The battle to become the Web’s number one encyclopaedia took an interesting turn last week when the 240-year-old Encyclopaedia Britannica decided to go all Web 2.0. New contributions will still have to be verified by one of the encyclopaedia’s 4,500 experts, but this is actually pretty similar to Jimmy Wales’s new vision for Wikipedia. So concerned is Wales that troublesome graffiti artists are ruining his beloved project’s credibility, he has decided that amendments will in future be vetted by Wikipedians higher up the food chain.
Journalists have since taken every opportunity to quote a few classics from Wikipedia’s ever-expanding canon of witless contributions. “Is Wikipedia cracking up?” asks the Independent. During Sunday’s Super Bowl, Bruce Springsteen, who performed live for the half-time show, apparently had his entry subbed to read:
"Bruce Springsteen. This guy kinda sucks."

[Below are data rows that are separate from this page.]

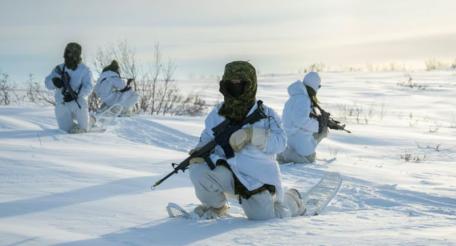 Канада моделирует партизанские действия против армии США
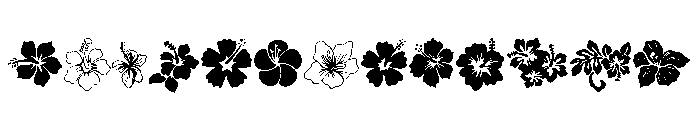 Hibiscus Set FONT
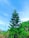 A tall evergreen tree stands amidst lush green foliage under a bright blue sky. The tree is surrounded by various plants, and there's a power line with poles extending into the distance.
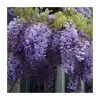 2-3ft Wisteria Plant | 3L Pot | Wisteria Sinensis -All Plants Sales Store TR0338 main image bb33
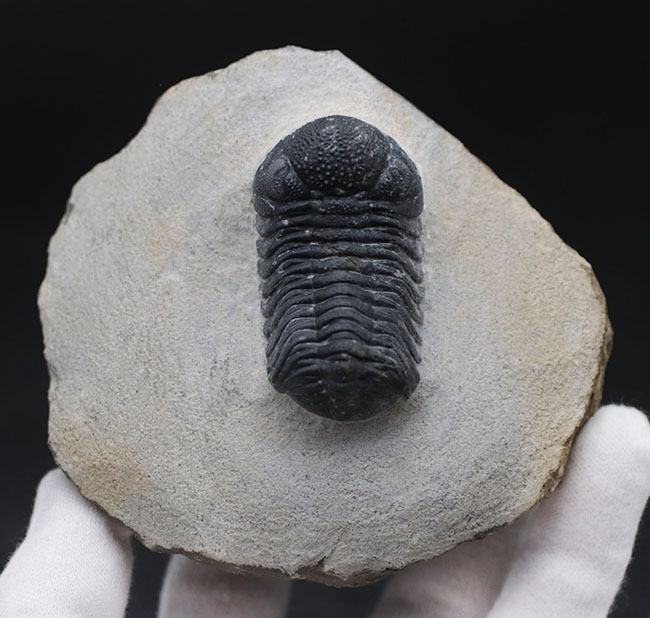 特徴的な複眼の保存状態が大変良好な、モロッコ産の三葉虫、ファコプス(Phacops)(その9)
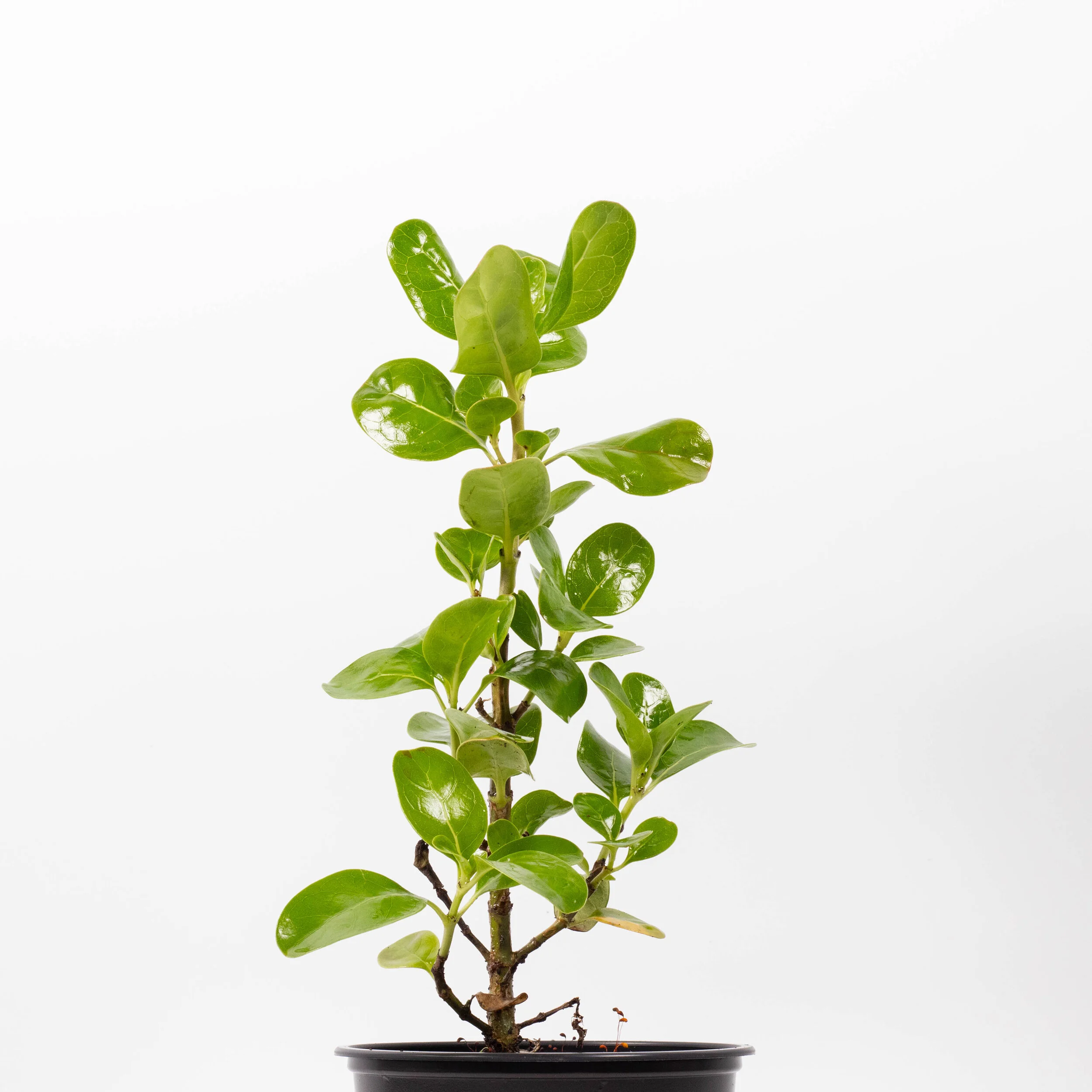 Coprosma repens, Taupata, Mirror plant Coprosma repens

Tellingly, media interest in Google’s rival encyclopaedia, which the advertising and search company calls Knol, has been rather thin on the ground. Google says Knol is a site that provides “authoritative articles about specific topics, written by people who know about those subjects”. After six months, the number of Knol contributions on a variety of subjects has grown to over 100,000. Google recently announced a commercial deal with dummies.com to try and boost the quality of the next 100,000. I can see why.
Taking one search term at random, try inputting “Silicon Valley” to see what Knol comes up with. As you might expect, there are plenty of entries that reference Silicon Valley—this is, after all, a beta for a tech gizmo. But the only entry I could find on the Knol database that attempts to actually describe Silicon Valley (What is it? Where did it come from?) is written by somebody called Grace Keng. It is 250 words long. Wikipedia’s entry on the same subject is almost 2,000 words.
Unfortunately, Keng’s entry adds very little to the story of the world’s pre-eminent tech cluster. There is a photo credit (with the picture deleted). There is also a short history of the region's early days in tech, which brings new meaning to the word “succinct”:
“The 1930 (sic), two engineering graduate students of Stanford University set out to do their work in a garage in Palo Alto.”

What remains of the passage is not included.